- Genre: Crime drama
- Created by: Salvador Calvo
- Starring: José Coronado Irene Montalà Ismael Martínez [es] Belén López Carlos Leal Pedro Casablanc Juan Fernández
- Country of origin: Spain
- Original language: Spanish
- No. of seasons: 1
- No. of episodes: 13 (list of episodes)

Production
- Production location: Madrid,
- Running time: 50'

Original release
- Network: Telecinco
- Release: September 23 – December 18, 2007

= RIS Científica =

RIS Científica is a television series co-produced by Videomedia and the Spanish network Telecinco and released by the latter. It is an adaptation of the Italian series RIS Delitti Imperfetti in turn inspired by the American production CSI.

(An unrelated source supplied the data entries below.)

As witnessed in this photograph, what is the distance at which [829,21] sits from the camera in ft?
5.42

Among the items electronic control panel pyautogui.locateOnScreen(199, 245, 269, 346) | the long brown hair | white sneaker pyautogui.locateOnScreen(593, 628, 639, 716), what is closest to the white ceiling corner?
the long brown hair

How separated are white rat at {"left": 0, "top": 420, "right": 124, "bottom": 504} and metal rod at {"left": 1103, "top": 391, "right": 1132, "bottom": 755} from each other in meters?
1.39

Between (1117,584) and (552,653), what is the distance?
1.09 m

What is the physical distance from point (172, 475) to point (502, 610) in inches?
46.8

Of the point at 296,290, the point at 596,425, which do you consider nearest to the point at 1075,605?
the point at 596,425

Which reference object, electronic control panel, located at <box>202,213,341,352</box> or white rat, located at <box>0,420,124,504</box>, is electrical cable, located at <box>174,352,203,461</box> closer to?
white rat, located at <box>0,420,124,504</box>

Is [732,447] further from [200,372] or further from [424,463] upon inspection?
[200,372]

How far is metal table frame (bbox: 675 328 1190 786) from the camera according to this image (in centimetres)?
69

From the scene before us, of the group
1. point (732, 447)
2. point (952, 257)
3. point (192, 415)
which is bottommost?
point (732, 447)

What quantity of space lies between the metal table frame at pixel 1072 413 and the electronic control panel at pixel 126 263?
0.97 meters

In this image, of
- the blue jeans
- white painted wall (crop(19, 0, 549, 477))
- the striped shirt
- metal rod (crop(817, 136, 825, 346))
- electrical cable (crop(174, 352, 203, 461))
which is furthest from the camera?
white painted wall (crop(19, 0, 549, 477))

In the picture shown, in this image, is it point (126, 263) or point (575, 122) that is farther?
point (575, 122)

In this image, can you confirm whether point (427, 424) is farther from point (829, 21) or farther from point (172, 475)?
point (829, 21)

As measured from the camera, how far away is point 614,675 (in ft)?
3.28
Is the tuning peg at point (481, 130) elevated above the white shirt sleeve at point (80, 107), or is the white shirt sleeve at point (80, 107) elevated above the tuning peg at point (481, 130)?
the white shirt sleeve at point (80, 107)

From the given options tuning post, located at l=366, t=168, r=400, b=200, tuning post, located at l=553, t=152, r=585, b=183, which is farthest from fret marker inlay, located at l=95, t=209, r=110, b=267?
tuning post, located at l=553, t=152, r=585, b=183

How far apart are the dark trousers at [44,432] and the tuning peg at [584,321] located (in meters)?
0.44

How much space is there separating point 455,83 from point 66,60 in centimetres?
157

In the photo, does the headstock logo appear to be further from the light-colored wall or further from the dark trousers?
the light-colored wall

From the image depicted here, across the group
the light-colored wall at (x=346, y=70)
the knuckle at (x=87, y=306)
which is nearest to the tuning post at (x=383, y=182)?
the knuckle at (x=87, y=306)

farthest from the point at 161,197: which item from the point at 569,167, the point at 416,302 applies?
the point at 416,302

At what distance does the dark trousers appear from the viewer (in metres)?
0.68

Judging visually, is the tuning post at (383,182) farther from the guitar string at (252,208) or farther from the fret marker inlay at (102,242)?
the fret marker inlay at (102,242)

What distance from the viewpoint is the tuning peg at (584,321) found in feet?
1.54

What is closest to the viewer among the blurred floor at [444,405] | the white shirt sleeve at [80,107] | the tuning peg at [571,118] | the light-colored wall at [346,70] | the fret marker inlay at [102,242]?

It premiered on September 23, 2007. The first two episodes were broadcast in prime time on Sunday, with a lower than average audience share, so from October 9 it was moved to Tuesday at 22: 00. On December 18, the last episode was screened, with no announcement of a second season.

==Plot summary==
The series follows the team of forensic experts in Spain who are trying to solve crimes with the help of forensic evidence. The location of the series is Madrid. This is the first series in the RIS franchise that has been cancelled.

==Cast==
- Ricardo Ventura (José Coronado) is the new head of the special unit of the scientific police, after replacing Cuevas.
- Ana Galeano (Irene Montalà) is the computer expert, newly incorporated into the unit.
- David Conde (Ismael Martínez), is a ballistics unit expert.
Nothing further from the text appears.